Early on he has this line, “All love abhors habit, and poetry is a species of love,” and I just recoiled. Come on! When I was in high school my father got up early every morning and made me toast and cocoa, and there it was waiting for me when I stumbled downstairs for breakfast. Habit isn’t sameness; the daily rosary is different every time. It’s more true to say that all love is habit, that love without habit isn’t love at all but just impulse.

Arguably this is more true if you, like me, have an addictive personality and lack self-knowledge. Every spiritual reality, whether sin or love, is habit for me or else it’s nothing! And I only discover what and how I am called to love in the repeated doing of the acts of love. That whiskery AA cliche, “More will be revealed,” suggests that you don’t follow your spiritual path based on your own self-knowledge and relationship with God. You develop self-knowledge and (more importantly) relationship by following the path. Just do the things! Wiman writes, “If our inner lives are always in transition, then our goal should be to acquire and refine a consciousness that is capable of registering the most minute changes in sensation, feeling, faith, self.” Or you could make a sandwich for a hungry person, yo. That’s also a goal a Christian could have. But I should note that this weird self-absorbed quotation comes from very early in the book, and much of the later writing is intended to challenge this descent into the navel of the believer’s intellect.

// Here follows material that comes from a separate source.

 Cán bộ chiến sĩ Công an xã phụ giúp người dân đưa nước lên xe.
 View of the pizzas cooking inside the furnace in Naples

Theologically what I related to most strongly in this book, aside from the fixation on the Cross which I’ve already mentioned, is the idea that our moments of apprehension of God are moments when the world seems to look back at us: to open its eyes and hold our rapt gaze. Our moments of contact with God are often moments when we notice that we are being perceived and comprehended by Someone outside ourselves. That resonates with my own experience, putting words to something I’ve never been able to describe before, and also has a sort of creepy harmony with the language of divine (or demonic) attention and regard in Tim Powers’s writing.

There are powerful moments throughout: “I am a Christian because I understand that moment of Christ’s passion to have meaning in my own life, and what it means is that the absolutely solitary and singular nature of extreme human pain is an illusion.” “Religious despair is often a defense against boredom and the daily grind of existence. Lacking intensity in our lives, we say that we are distant from God and then seek to make that distance into an intense experience.” “I should never pray to be at peace in my belief. I should pray only that my anxiety be given peaceful outlets, that I might be the means to a peace I do not myself feel.” There’s a striking reflection on Gerard Manley Hopkins’s last words. If there’s also annoying defensiveness (don’t criticize St Teresa of Avila if your “improvement” of her theology is longer, less intelligible, and much more twee) and the formless theology provoked by churchlessness… well, I don’t believe in modern love.